El economista Jorge Day, del IERAL (Fundación Mediterránea), afirmó que “el Super RIGI puede ayudar al empleo, pero no habría que esperar un efecto masivo. Son inversiones grandes y valiosas, aunque en sectores muy intensivos en capital. Por eso, el impacto principal probablemente esté en empleo calificado, construcción, proveedores y servicios regionales”.
Según datos del Instituto Nacional de Estadística y Censos (INDEC), la desocupación se mantiene cerca del 8% de la población económicamente activa, mientras que la informalidad laboral alcanzó el 44,2% en el primer trimestre, el nivel más alto en casi 18 años según la consultora Labour, Capital, Growth (LCG). La subocupación afecta al 23,6% de la PEA, equivalente a más de 5,3 millones de personas.

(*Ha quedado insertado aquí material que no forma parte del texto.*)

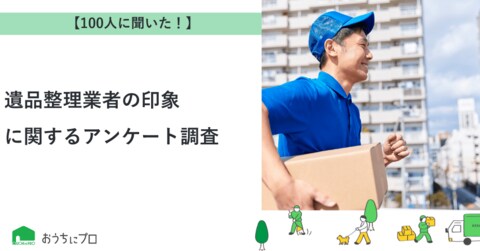 【おうちにプロ】遺品整理業者の印象に関するアンケート調査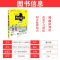 2020绿卡图书学霸同步笔记物理8/八年级通用版上下全一册初二年级漫画图解同步教材讲解训练练习教辅资料用书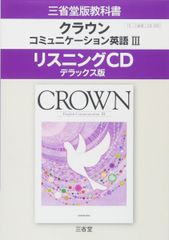 代々木ゼミナール 代ゼミ 船口明の標準・ハイレベル現代文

El proyecto Super RIGI establece beneficios fiscales, aduaneros y regulatorios por hasta 30 años, que incluyen una alícuota reducida del Impuesto a las Ganancias del 15%, amortización acelerada de inversiones, exenciones de derechos de exportación e importación, estabilidad normativa y fiscal, y una alícuota única del 10% en contribuciones patronales para nuevas relaciones laborales.
Day señaló que “el impacto puede ser importante para la provincia que reciba el proyecto. Una inversión tecnológica, energética o industrial puede mover la economía local, elevar la demanda de técnicos y profesionales, y generar actividad en servicios. Pero a escala nacional, difícilmente resuelva por sí sola los problemas generales del mercado laboral”.
El régimen original RIGI, vigente para sectores como minería, petróleo, gas y siderurgia, ya ha comprometido inversiones por más de 22.000 millones de dólares, con una estimación de 50.000 empleos directos, según cálculos de IERAL. Day agregó que “si se aplicaran multiplicadores tipo CAEM (un empleo directo genera tres indirectos) u otros más optimistas (uno a cinco), el impacto total podría ubicarse entre 200.000 y 300.000 puestos”.
En cuanto a la posible migración de trabajadores hacia las provincias receptoras de inversiones, Day sostuvo que “la migración será más bien selectiva, concentrada en jóvenes, técnicos y profesionales vinculados a estos proyectos. Una parte de la demanda laboral podría cubrirse con esquemas de turnos, rotación o migración temporaria, sin que aumente en la misma proporción la población residente”.
El proyecto ha recibido críticas de organizaciones como CEPA, FIDE y Fundar, que consideran que otorga excesivos beneficios sin controles ni contraprestaciones equivalentes en estándares internacionales.